Data shown below:

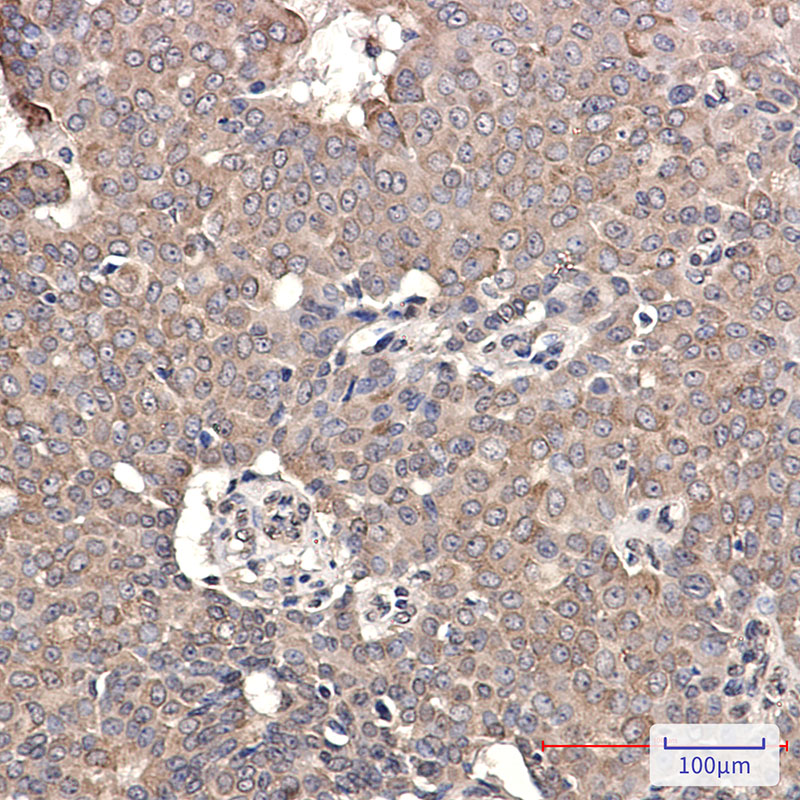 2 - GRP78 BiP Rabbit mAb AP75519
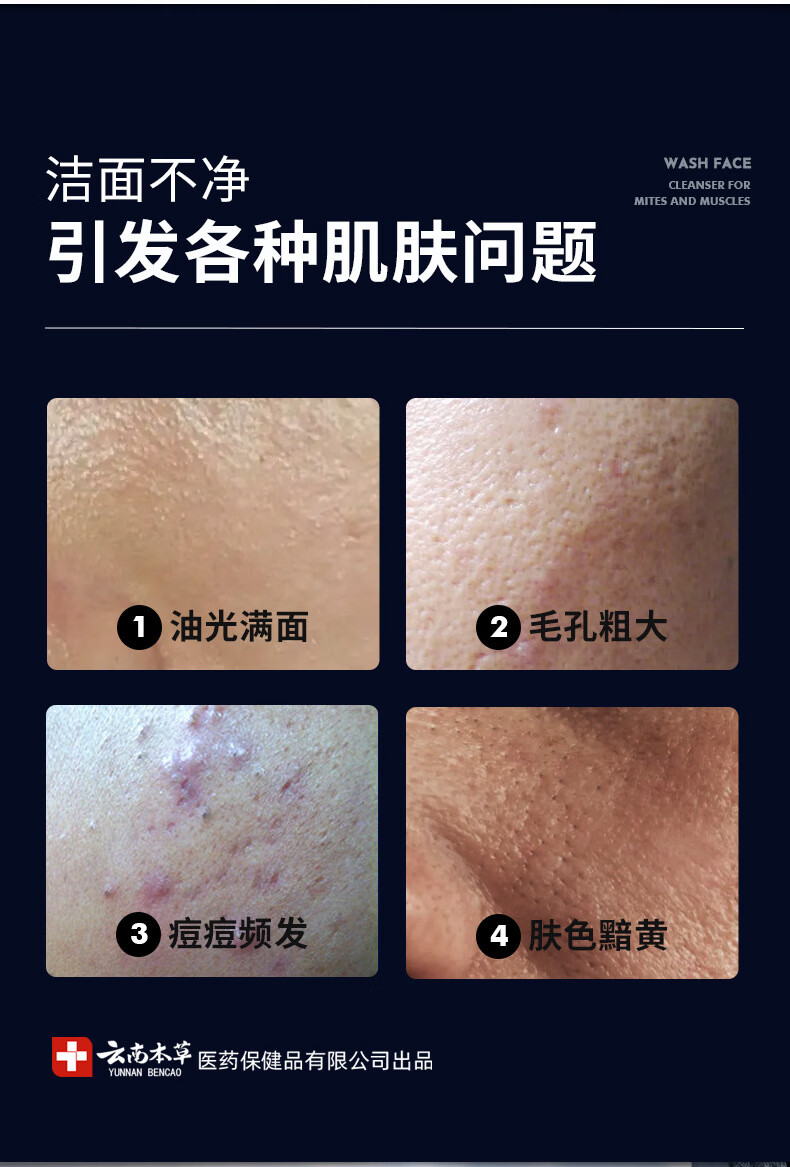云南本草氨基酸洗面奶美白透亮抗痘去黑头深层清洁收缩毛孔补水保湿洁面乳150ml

End of Data shown.
Data shown below:

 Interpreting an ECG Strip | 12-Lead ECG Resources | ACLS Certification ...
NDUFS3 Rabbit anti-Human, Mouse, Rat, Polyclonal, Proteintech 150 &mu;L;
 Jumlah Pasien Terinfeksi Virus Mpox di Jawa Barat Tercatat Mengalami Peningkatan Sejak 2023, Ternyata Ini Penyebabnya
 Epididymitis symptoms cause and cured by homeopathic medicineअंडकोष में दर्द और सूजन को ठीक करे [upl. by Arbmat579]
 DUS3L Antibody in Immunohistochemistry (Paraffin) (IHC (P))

End of Data shown.
Data shown below:

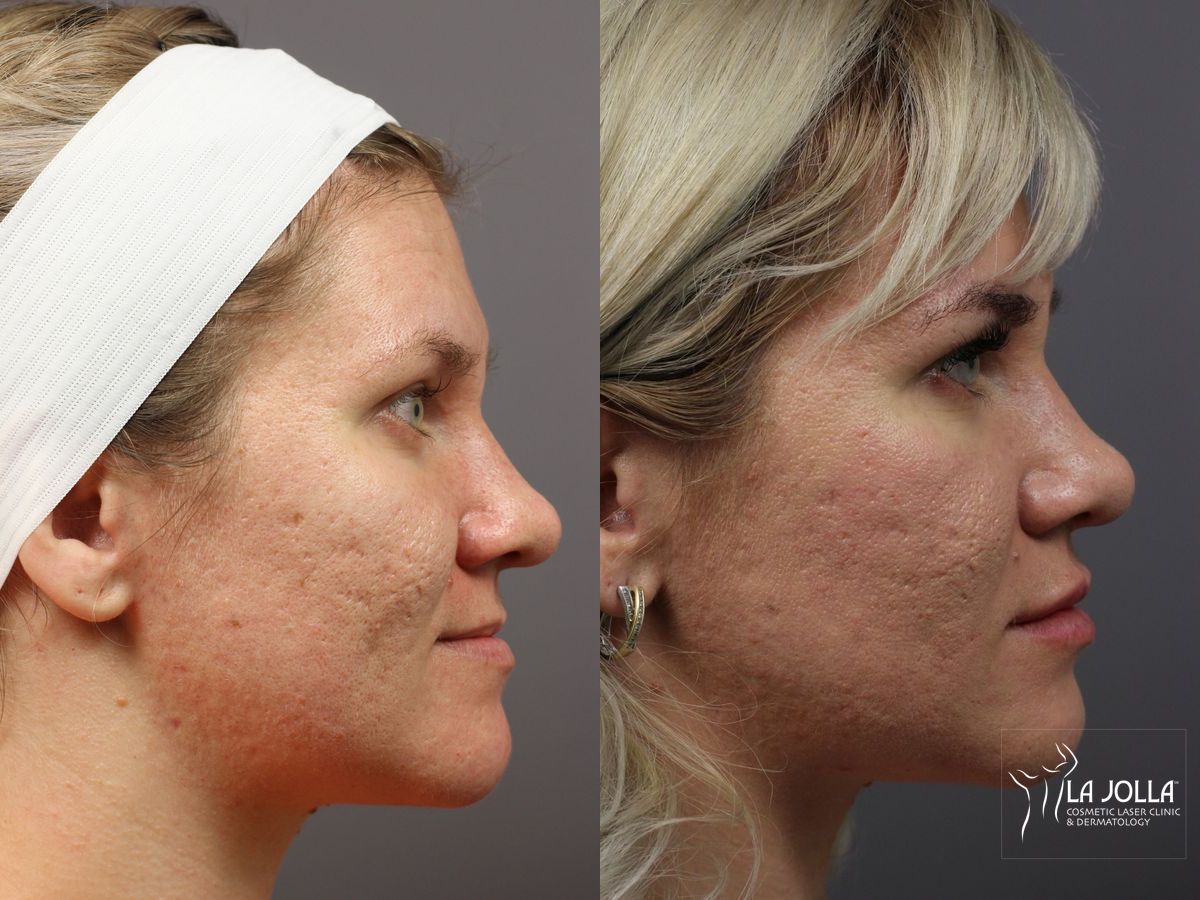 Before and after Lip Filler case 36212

End of Data shown.

- _Task requirements_
Quote the data above from the line containing "NDUFS3 Rabbit anti-Human, Mouse, Rat, Polyclonal, Proteintech" to the line containing "DUS3L Antibody in", inclusive, and stop.

- _Response area_
NDUFS3 Rabbit anti-Human, Mouse, Rat, Polyclonal, Proteintech 150 &mu;L;
 Jumlah Pasien Terinfeksi Virus Mpox di Jawa Barat Tercatat Mengalami Peningkatan Sejak 2023, Ternyata Ini Penyebabnya
 Epididymitis symptoms cause and cured by homeopathic medicineअंडकोष में दर्द और सूजन को ठीक करे [upl. by Arbmat579]
 DUS3L Antibody in Immunohistochemistry (Paraffin) (IHC (P))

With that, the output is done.